DOI: 10.1182/blood-2023-184407 ISSN: 0006-4971

A Prediction Model for Early Recurrence after Allogeneic Hematopoietic Stem Cell Transplantation in Patients with CMML: A Nationwide Representative Multicenter Study

Jianying Zhou, Song Wang, Ting Niu, Ming Jiang, Shunqing Wang, Wen Wang, Xi Zhang, Yujun Dong, Dingming Wan, Xin Du, Xudong Wei, Han Zhu, Yuhua Li, Kehong Bi, Xianmin Song, Yi Chen, Li Liu, Yi Luo, Yuhong Zhou, Xin Li, Yajing Xu, Yicheng Zhang, Xiaoliang Liu, Hai Yi, Xiaobing Huang, Zunmin Zhu, Jianmin Yang, Fang Zhou, Xiaohui Zhang
  • Cell Biology
  • Hematology
  • Immunology
  • Biochemistry


Chronic myelomonocytic leukemia (CMML) is a clonal hematopoietic stem cell malignancy. Some patients experience prolonged remission after aggressive chemotherapy, but the only current therapy with proven curative potential is allogeneic hematopoietic stem cell transplantation (allo-HSCT). However, not all CMML patients benefit from allo-HSCT, and many experience relapse. Relapse is the leading cause of treatment failure for CMML treated with allo-HSCT, and treatment options for patients relapsing after allo-HSCT are limited. This study conducted a nationwide multicenter real-world study to identify risk factors and develop a novel prediction model for early recurrence in CMML patient posttransplantation. Clinicians can improve the survival of CMML patients with a high risk of early recurrence by intervening as early as possible.

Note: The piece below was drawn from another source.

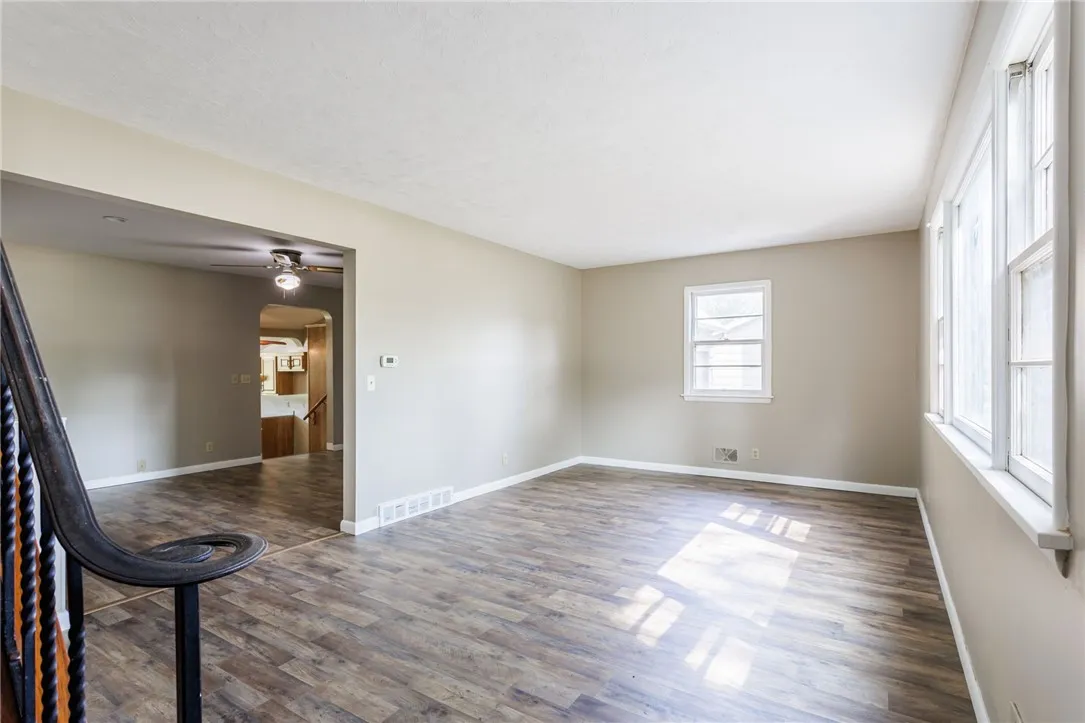 371 North Avenue, Parma, New York 14468, Parma, New York 14468, 4 Bedrooms Bedrooms, 9 Rooms Rooms,2 BathroomsBathrooms,Residential,Closed,371 North Avenue, Parma, New York 14468,0,R1625914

Patients ≥18 years old with CMML treated with allo-HSCT for the first time between 2005 and 2022 were included in this nationwide, multicenter, real-world study. Twenty-seven medical centers participated in this analysis, including the derivation cohort from 26 centers and the validation cohort from another center. Information collected included demographic and clinical characteristics, previous treatments and responses, and allo-HSCT treatment details. We first calculated the univariable association of each variable with 1-year relapse in the derivation cohort. Second, the variables with p values less than 0.1 in the univariate analysis were further included as candidate predictors in the multivariate analysis using a backward stepwise logistic regression model. The variables that remained in the final model based on the outcomes of the multivariate analysis in the derivation cohort were identified as independent prognostic factors. A scoring system to predict early recurrence after allo-HSCT was also established, and scores were assigned to the prognostic factors based on the regression coefficient.


Using multivariable logistic regression methods with stepwise variable selection, two highly significant independent prognostic factors for the early recurrence of CMML posttransplantation were identified: bone marrow blast cell count at diagnosis (p=0.026; odds ratio [OR], 1.149; 95% confidence interval [CI], 1.02-1.30), and leukocyte count pretransplantation (p=0.005; odds ratio [OR], 1.212; 95% confidence interval [CI], 1.06-1.39). A risk grading model was constructed according to the regression coefficients. Bone marrow blast cell count 0-5% is 0 point, 5%-10% is 1 point; 10-20% is 2 points, and >20% is 3 points. Leukocyte count 0-10×10 9/L is 0 point, 10-20×10 9/L is 2 points, and >20 ×10 9/L is 4 points. The points scored for each of these two factors were added to yield the overall risk score, which ranged from zero to seven. Patients were stratified into a low-risk group (0-1 point), a intermediate-risk group (2-3 points) and a high-risk group (4-7 points). The validated internal c-statistic was 0.790 (95% CI, 0.657-0.923), and the external c-statistic was 0.710 (95% CI, 0.580-0.840). The early recurrence rates of the derivation cohort in the low-risk, intermediate-risk, and high-risk groups were 5.9%, 17.9% and 31.8% (p<0.05). The Kaplan‒Meier estimations of relapse-free survival revealed good separation between these risk groups, and 91.9%, 79.4% and 66.1% (p<0.05), respectively. According to the calibration plots, the model-predicted probabilities showed a good correlation with the actual observed frequencies. Decision curve analysis indicated that the clinical implementation of the prognostic model could benefit early recurrence CMML patients.


CMML patients who relapse after allo-HSCT have a poor prognosis. An integrated prediction model based on clinical biomarkers was developed and externally validated, and this is the first straightforward scoring model that incorporates clinical and laboratory risk factors to evaluate the early recurrence of CMML patients after receiving allo-HSCT. This model can be effectively utilized to help improve the survival and prognosis of CMML patients by accelerating the early identification of patients at a high risk of relapse and contributing to the appropriate implementation of urgent medical support.